Chair, Board of Trustees

What does Pride mean to me?

I knew I was gay when I was a teenager at school. I knew, from the newspaper articles, the bullying etc that I needed to keep my sexuality a secret, hope that it was a ‘phase’ as it was regularly described in the press. In my final year of university, I decided to come out, I joined the LGBT society and met other people, just like me.  Some of whom are still my friends to this day.

I first went to Pride in 1996 with a group of friends, walked the Pride March, watched the bands and then we all headed back to Cambridge to go to the Dot Cotton Club, the biggest LGBT club in the East of England at that time.  I had a fabulous time, loved being with my friends but also of being part of a large demonstration campaigning for equality.

I went to Pride in London a few times after that and had really good times.  Then activists in Cambridge created the ‘Pink Picnic’ and more recently Cambridge Pride.  I’ve really enjoyed these events, so different to London Pride, but at the same time making the same point.  The LGBT community is here, loud and proud.

Pride to me is about a community coming together, making a case for equality, showing people who are considering their sexuality and/or gender that it is okay, and life will get better.

Bill Howe

Online Services Manager

One of the privileges of growing old is the opportunity it presents to reflect upon the past.

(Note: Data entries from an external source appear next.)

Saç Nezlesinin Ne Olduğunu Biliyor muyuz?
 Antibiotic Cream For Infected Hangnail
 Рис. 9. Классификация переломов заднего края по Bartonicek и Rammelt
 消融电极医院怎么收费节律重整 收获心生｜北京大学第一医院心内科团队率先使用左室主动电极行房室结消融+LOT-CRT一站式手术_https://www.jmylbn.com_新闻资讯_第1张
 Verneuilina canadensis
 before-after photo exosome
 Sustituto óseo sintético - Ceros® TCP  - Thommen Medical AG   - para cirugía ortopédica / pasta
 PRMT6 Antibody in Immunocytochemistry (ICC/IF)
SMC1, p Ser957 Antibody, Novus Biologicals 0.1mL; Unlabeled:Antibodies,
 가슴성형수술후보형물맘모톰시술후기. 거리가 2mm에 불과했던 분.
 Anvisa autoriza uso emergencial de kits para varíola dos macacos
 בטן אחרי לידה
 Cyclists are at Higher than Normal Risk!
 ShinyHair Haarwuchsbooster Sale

So, as we embark upon Pride month again this year I think about my own childhood and life in a time when people from our LGBTQIA+ communities were hidden, largely invisible, treated unequally, and repressed within wider society.

So, for me, ‘Pride’ is just that, the opportunity for communities to celebrate, for individuals to demonstrate a pride in their uniqueness, for communities to celebrate their interconnectedness and for society as a whole to show solidarity and pride in our lovers, brothers and sisters, friends, neighbours, and colleagues.

It is also a time to measure this change, and while there is still a long way to go, to acknowledge and feel proud of how far society has travelled in a handful of decades. Our future is something we will weave together.

Above all, it is a sign that love is an essential and motive force for positive change.

Natalie Leal

Partnerships and Communications Manager

PRIDE for me means pure joy, happiness, and love. It’s acceptance. It’s unity. It’s solidarity with everyone who is unapologetically showing up and proclaiming their identities. Equal rights for LGBTQI+ people is a continuous fight. And we must fight for what’s right.

The stonewall riots that transformed the gay liberation movement and the twentieth-century fight for LGBT rights in the United States are still having an impact today, however, there is still so much work that needs to be done.

Many countries do not have official laws addressing LGBTQI+ rights, which means people still can be arrested and harassed.

At Stop Hate UK, every day is PRIDE and we will keep campaigning and working to create a world free from hate, harassment, and discrimination so more people can live freely and safely without their identity being targeted.

Grace McIntosh

Education Support Worker

Since moving to University I have been reminded of the importance of pride as I’ve made friends that are gay, trans, drag queens, and non-binary. I was embarrassingly out of touch with many issues faced by the LGBTQ+ community and learned very quickly that hate, inequality, battles for acceptance, family disputes, and prejudice is something that is faced on a horrifyingly regular basis.

I have been to pride events, partied in gay bars, and sang with drag queens, but pride and allyship to me now means so much more. It’s about showing up in the good times and sadly the bad. It’s about offering support to friends that are transitioning. It’s about standing up to homophobic comments I was once too afraid to. It’s about attending Trans Rights marches and showing solidarity with those that face political adversity for simply being themselves.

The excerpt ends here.